Oyen O, Strøm E H, Midtvedt K, Bentdal O, Hartmann A, Bergan S, Pfeffer P, Brekke I B

机构信息

Surgical Department, Transplant Section, The Rikhospitalet University Hospital, 0027 Oslo, Norway.

出版信息

Am J Transplant. 2006 Feb;6(2):412-8. doi: 10.1111/j.1600-6143.2005.01184.x.

Abstract

Thrombotic microangiopathy (TMA) and hemolytic uremic syndrome (HUS) represent serious threats to kidney allograft recipients. During a 4-year period, among 850 kidney transplantations, seven recipients with primary HUS and seven recipients (eight transplants) with previous or de novo TMA/HUS were identified and given calcineurin inhibitor (CNI)-free immunosuppression by sirolimus (SRL), mycophenolate mofetil and steroids. Thirteen out of 15 transplantations were successful in the long term; resulting in a mean creatinine of 101 mumol/L (16.4 months follow-up). In patients maintained on CNI-free regimen, no TMA/HUS recurrences were observed. A high rate of acute rejections (53%) may indicate insufficient immunosuppressive power and/or a causative relationship between TMA/HUS and rejection. Wound-related complications were abundant (60%), and call for surgical/immunosuppressive countermeasures. Our experience supports the idea that CNI's are major offenders in TMA/HUS induction. Total CNI elimination seems essential, as the nephrotoxic combination CNI + SRL may promote TMA. Features of TMA/HUS should be carefully explored in recurrent 'high responders'.

摘要

血栓性微血管病(TMA)和溶血尿毒综合征(HUS)对肾移植受者构成严重威胁。
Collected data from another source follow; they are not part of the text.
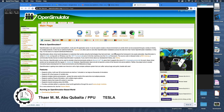Hello everyone. Today I'm going to show you some solutions for problems I faced when working on a Tesla project with colleagues. At the beginning I tried to download OpenSimulator and work on Mac, but I had a lot of difficulty because there is not much information available about how to work with the Mac platform.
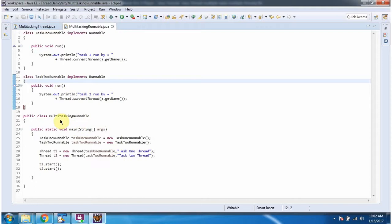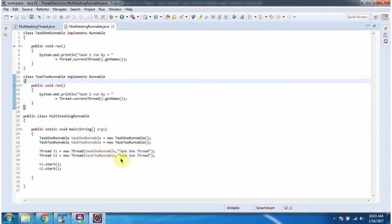Here I have defined the class MultitaskingRunnable. It has a main method. Inside the main method I have created a Task1Runnable object and a Task2Runnable object. Here I have created a thread1 object, passing Task1Runnable in the thread constructor with thread name Task1Thread. Here I have created a thread2 object, passing Task2Runnable with thread name Task2Thread, and starting these two threads.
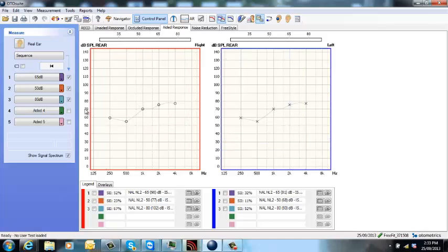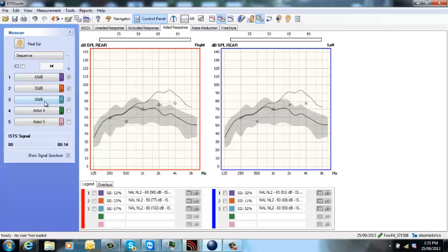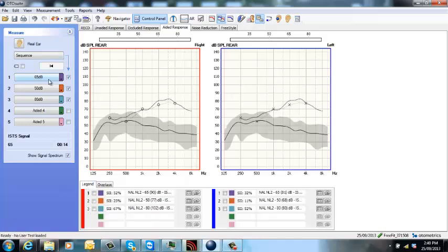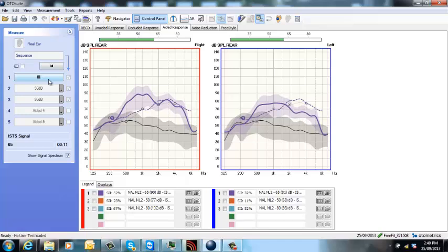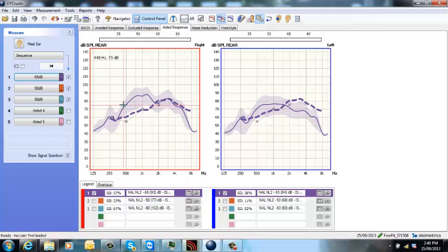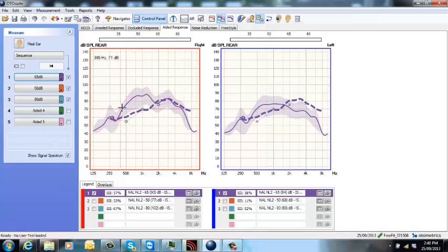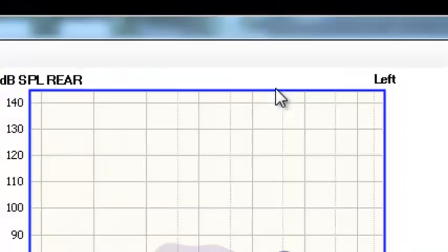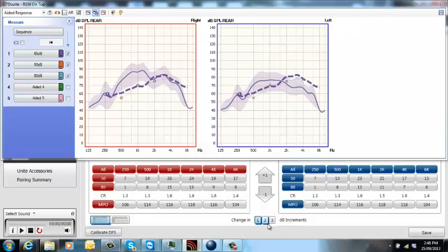So you can see here I've got my different stimulus levels: 65, 50, and 80. And when I hover over those different buttons, you can see I get different responses coming up on the screen. So if we run a 65 dB stimulus, you can also use on-top mode in this view, which is this button up here. This allows you to have the gain controls from the hearing aid software underneath the software for your eardrum measures.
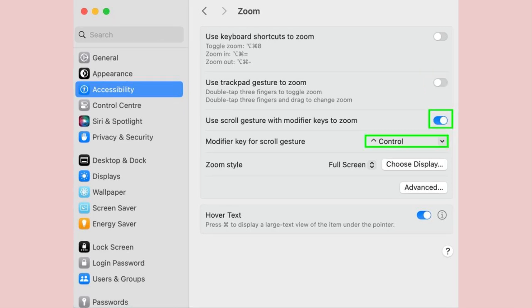Step 5. If you would like to use the scrolling function on your mouse or trackpad to zoom in and out, toggle the switch next to use scroll gesture with modifier keys to zoom. When doing this, make a note of the key selected next to modifier key for scroll gesture.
在4年期间,在850例肾移植中,确定了7例原发性HUS受者以及7例既往有或新发TMA/HUS的受者(8例移植),并通过西罗莫司(SRL)、霉酚酸酯和类固醇给予无钙调神经磷酸酶抑制剂(CNI)的免疫抑制治疗。15例移植中有13例长期成功;随访16.4个月时平均肌酐为101μmol/L。在接受无CNI方案维持治疗的患者中,未观察到TMA/HUS复发。高比例的急性排斥反应(53%)可能表明免疫抑制力度不足和/或TMA/HUS与排斥反应之间存在因果关系。伤口相关并发症很常见(60%),需要采取手术/免疫抑制对策。我们的经验支持以下观点,即CNI是TMA/HUS诱发的主要因素。似乎必须完全消除CNI,因为具有肾毒性的CNI+SRL组合可能会促进TMA。对于反复出现的“高反应者”,应仔细探究TMA/HUS的特征。